On Tue 17-02-26 14:32:25, T.J. Mercier wrote:
> On Tue, Feb 17, 2026 at 1:25 PM Amir Goldstein <[email protected]> wrote:
> > > > Are you expecting to get IN_IGNORED|IN_DELETE_SELF on an entry
> > > > while watching the parent? Because this is not how the API works.
> > >
> > > No, only on the file being watched. The parent should only get
> > > IN_DELETE, but I read your feedback below and I'm fine with removing
> > > that part and just sending the DELETE_SELF and IN_IGNORED events.
> > >
> >
> > So if the file was being watched, some application needed to call
> > inotify_add_watch() with the user path to the cgroupfs inode
> > and inotify watch keeps a live reference to this vfs inode.
> >
> > When the cgroup is being destroyed something needs to drop
> > this vfs inode and call __destroy_inode() -> fsnotify_inode_delete()
> > which should remove the inotify watch and result in IN_IGNORED.
>
> Nothing like this exists before this patch.
>
> > IN_DELETE_SELF is a different story, because the inode does not
> > have zero i_nlink.
> >
> > I did not try to follow the code path of cgroupfs destroy when an
> > inotify watch on a cgroup file exists, but this is what I expect.

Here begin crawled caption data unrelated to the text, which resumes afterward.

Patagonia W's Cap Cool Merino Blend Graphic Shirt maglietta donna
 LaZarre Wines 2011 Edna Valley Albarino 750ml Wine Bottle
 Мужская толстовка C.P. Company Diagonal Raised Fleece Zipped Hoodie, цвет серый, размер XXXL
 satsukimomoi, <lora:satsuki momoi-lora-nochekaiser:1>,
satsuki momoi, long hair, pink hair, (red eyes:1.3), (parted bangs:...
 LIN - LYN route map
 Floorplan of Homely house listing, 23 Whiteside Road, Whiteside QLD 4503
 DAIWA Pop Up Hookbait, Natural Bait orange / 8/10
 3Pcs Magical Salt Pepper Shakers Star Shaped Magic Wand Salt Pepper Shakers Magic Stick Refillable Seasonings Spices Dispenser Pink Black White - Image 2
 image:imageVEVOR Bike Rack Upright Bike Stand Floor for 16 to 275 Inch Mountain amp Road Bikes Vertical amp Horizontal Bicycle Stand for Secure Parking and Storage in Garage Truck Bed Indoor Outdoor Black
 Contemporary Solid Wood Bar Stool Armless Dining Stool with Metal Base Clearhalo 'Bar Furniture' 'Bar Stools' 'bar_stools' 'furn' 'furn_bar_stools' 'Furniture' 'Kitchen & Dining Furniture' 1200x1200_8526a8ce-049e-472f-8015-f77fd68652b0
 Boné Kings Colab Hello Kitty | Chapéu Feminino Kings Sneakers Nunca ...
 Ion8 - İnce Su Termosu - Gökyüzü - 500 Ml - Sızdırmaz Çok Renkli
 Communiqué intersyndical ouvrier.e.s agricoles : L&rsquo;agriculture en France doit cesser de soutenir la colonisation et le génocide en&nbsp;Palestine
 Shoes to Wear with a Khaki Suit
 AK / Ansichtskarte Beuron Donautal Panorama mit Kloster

> > Please explain - what am I missing?
>
> Yes that's the problem here. The inode isn't dropped unless the watch
> is removed, and the watch isn't removed because kernfs doesn't go
> through vfs to notify about file removal. There is nothing to trigger
> dropping the watch and the associated inode reference except this
> patch calling into fsnotify_inoderemove which both sends
> IN_DELETE_SELF and calls __fsnotify_inode_delete for the IN_IGNORED
> and inode cleanup.
>
> Without this, the watch and inode persist after file deletion until
> the process exits and file descriptors are cleaned up, or until
> inotify_rm_watch gets called manually.
Hrm. I was scratching my head how it is possible VFS isn't involved for a
while. So let me share what I found:
Normally fsnotify_inoderemove() is called from dentry_unlink_inode() which
is called from d_delete() (name unlinked) and __dentry_kill() (last dput()).
Now it is true that kernfs doesn't bother with pruning child dentries from
its rmdir implementation. It just marks all corresponding kernfs_nodes
(inodes) as dead and that's it so d_delete() isn't called. But vfs_rmdir()
makes up for this by calling shrink_dcache_parent() on the removed
directory so the child dentries end up going through __dentry_kill(). *But*
kernfs also doesn't bother to set i_nlink for these child dentries to 0
when marking them as dead and so __dentry_kill() doesn't call
fsnotify_inoderemove(). So at this point it seems more like a kernfs bug
that children inodes aren't properly cleaned up by setting i_nlink to 0 and
I don't think we should paper over this by calling fsnotify_inoderemove()
explicitely.
Honza
--
Jan Kara <[email protected]>
SUSE Labs, CR